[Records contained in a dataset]

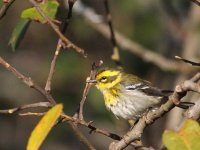 11-26-2013 Townsend's warbler_2109.JPG
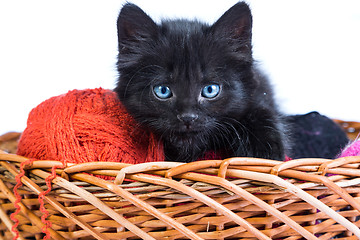 Image showing Black kitten playing with a red ball of yarn on white background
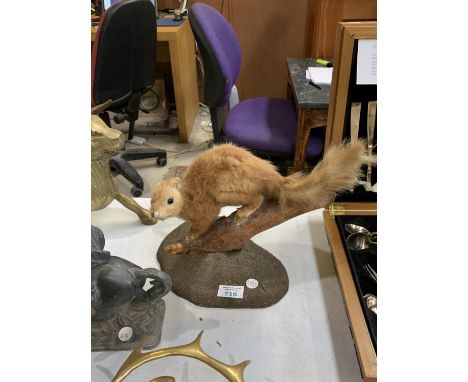 A VINTAGE TAXIDERMY MODEL OF A SQUIRREL ON BASE 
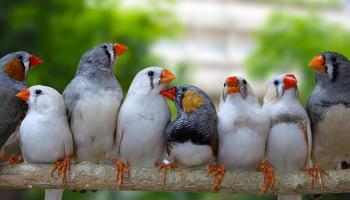 Zebra Finches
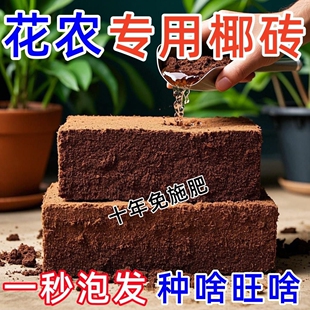 椰砖营养土养花多肉绿植专用种菜厂家直销型椰糠脱盐椰土通用
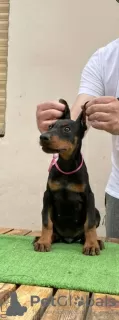 Additional photos: doberman puppies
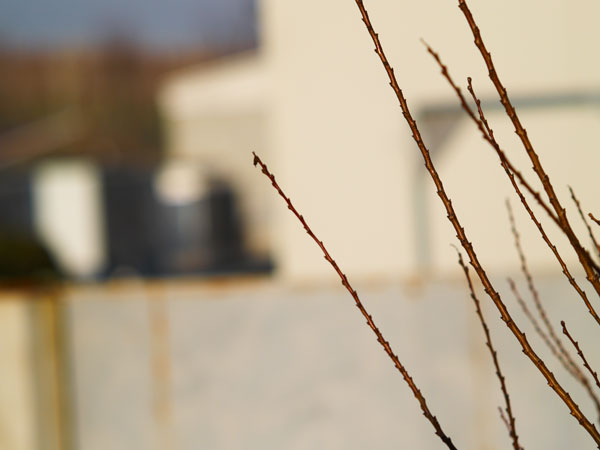 img3_e300_150mm_f2.jpg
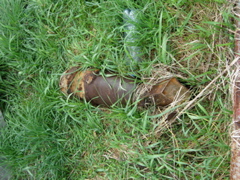bomb in grass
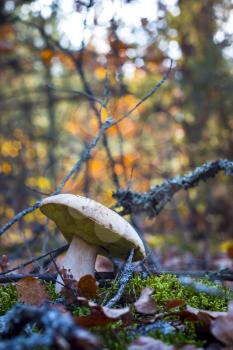 White mushroom in nature. Autumn mushrooms grow in forest. Natural raw food growing. Edible cep, vegetarian natural organic meal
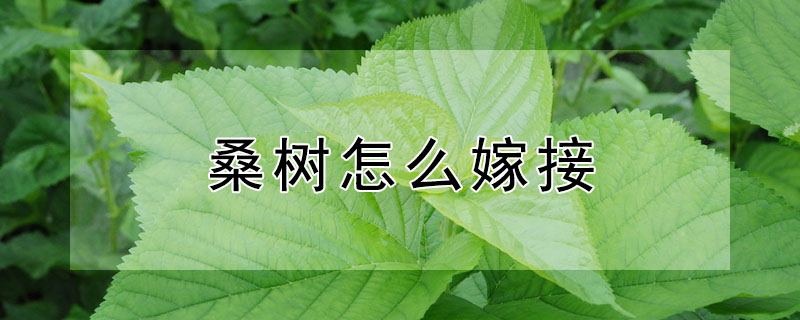 桑樹怎么嫁接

**Aim of the exercise**
Would you write out exactly the lines of the data from the one holding "A VINTAGE TAXIDERMY" to the final line, both included, with pictures left out?

**Your solution**
 A VINTAGE TAXIDERMY MODEL OF A SQUIRREL ON BASE 
 Zebra Finches
 椰砖营养土养花多肉绿植专用种菜厂家直销型椰糠脱盐椰土通用
 Additional photos: doberman puppies
 img3_e300_150mm_f2.jpg
bomb in grass
 White mushroom in nature. Autumn mushrooms grow in forest. Natural raw food growing. Edible cep, vegetarian natural organic meal
 桑樹怎么嫁接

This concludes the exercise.